PROBLEM TO SOLVE:
Keep to the lines from the one with "Goca Logotype Beta Font Character Map" through the end of the data, and write them out exactly.

INFORMATION PROVIDED:
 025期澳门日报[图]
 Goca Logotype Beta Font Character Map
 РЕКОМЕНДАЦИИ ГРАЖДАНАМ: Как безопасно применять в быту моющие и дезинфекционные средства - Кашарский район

OUTPUT:
 Goca Logotype Beta Font Character Map
 РЕКОМЕНДАЦИИ ГРАЖДАНАМ: Как безопасно применять в быту моющие и дезинфекционные средства - Кашарский район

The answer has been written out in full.